Content-Transfer-Encoding: 7bit
To: intel-wired-lan@osuosl.org
List-ID: <intel-wired-lan.osuosl.org>

On Wed, Nov 25, 2015 at 8:02 AM, Lan, Tianyu <tianyu.lan@intel.com> wrote:
> On 11/25/2015 8:28 PM, Michael S. Tsirkin wrote:
>>
>> Frankly, I don't really see what this short term hack buys us,
>> and if it goes in, we'll have to maintain it forever.
>>
>
> The framework of how to notify VF about migration status won't be
> changed regardless of stopping VF or not before doing migration.
> We hope to reach agreement on this first. Tracking dirty memory still
> need to more discussions and we will continue working on it. Stop VF may
> help to work around the issue and make tracking easier.

The problem is you still have to stop the device at some point for the
same reason why you have to halt the VM.  You seem to think you can
get by without doing that but you can't.  All you do is open the
system up to multiple races if you leave the device running.  The goal
should be to avoid stopping the device until the last possible moment,
however it will still have to be stopped eventually.  It isn't as if
you can migrate memory and leave the device doing DMA and expect to
get a clean state.

I agree with Michael.  The focus needs to be on first addressing dirty
page tracking.  Once you have that you could use a variation on the
bonding solution where you postpone the hot-plug event until near the
end of the migration just before you halt the guest instead of having
to do it before you start the migration.  Then after that we could
look at optimizing things further by introducing a variation that you
could further improve on things by introducing a variation of hot-plug
that would pause the device as I suggested instead of removing it.  At
that point you should be able to have almost all of the key issues
addresses so that you could drop the bond interface entirely.

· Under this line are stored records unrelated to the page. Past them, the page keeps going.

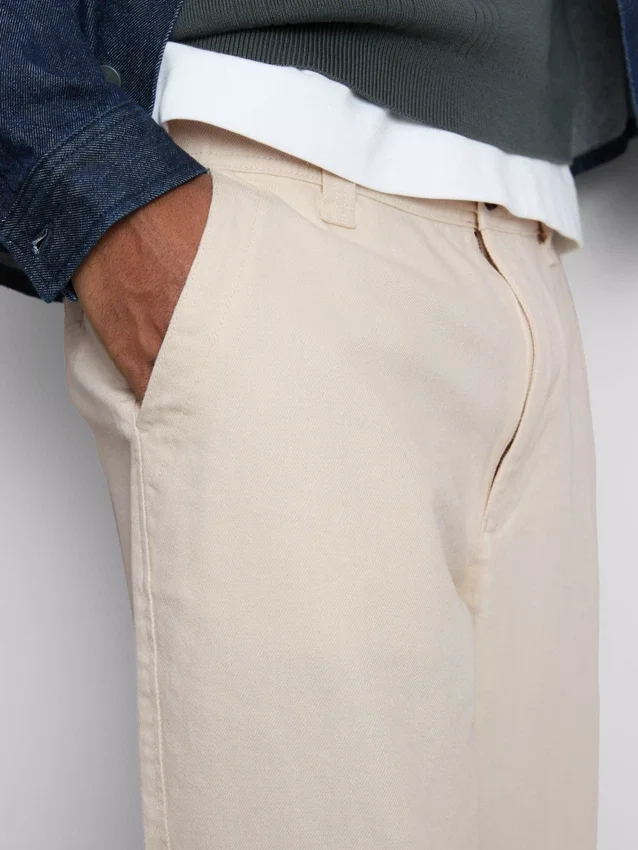 Pantaloni chino largi, cu talie medie Pantaloni chino largi, cu talie medie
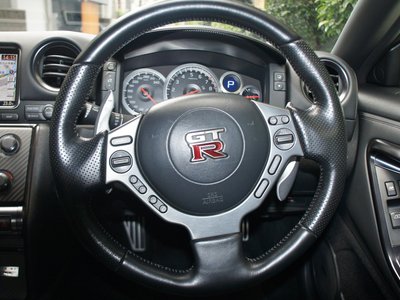 صورة 12 لـ 2011 Nissan GT-R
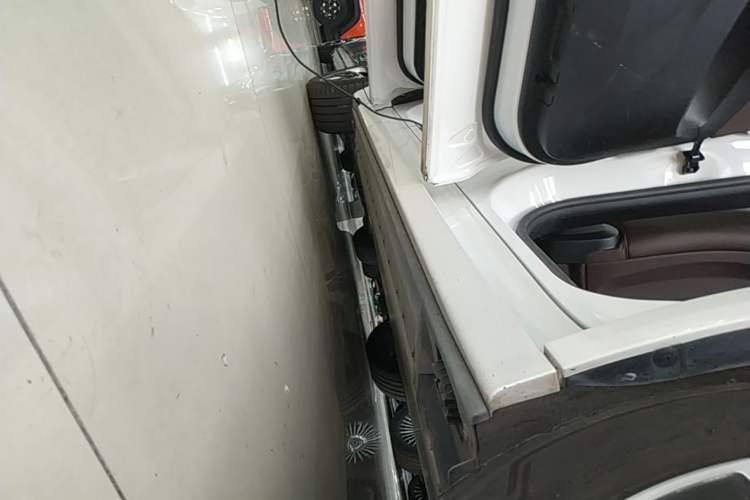 Used BMW iX3 2022 Updated Leading Type Left Side Sill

>> Also, assuming you just want to do ifdown/ifup for some reason, it's
>> easy enough to do using a guest agent, in a completely generic way.
>>
>
> Just ifdown/ifup is not enough for migration. It needs to restore some PCI
> settings before doing ifup on the target machine

That is why I have been suggesting making use of suspend/resume logic
that is already in place for PCI power management.  In the case of a
suspend/resume we already have to deal with the fact that the device
will go through a D0->D3->D0 reset so we have to restore all of the
existing state.  It would take a significant load off of Qemu since
the guest would be restoring its own state instead of making Qemu have
to do all of the device migration work.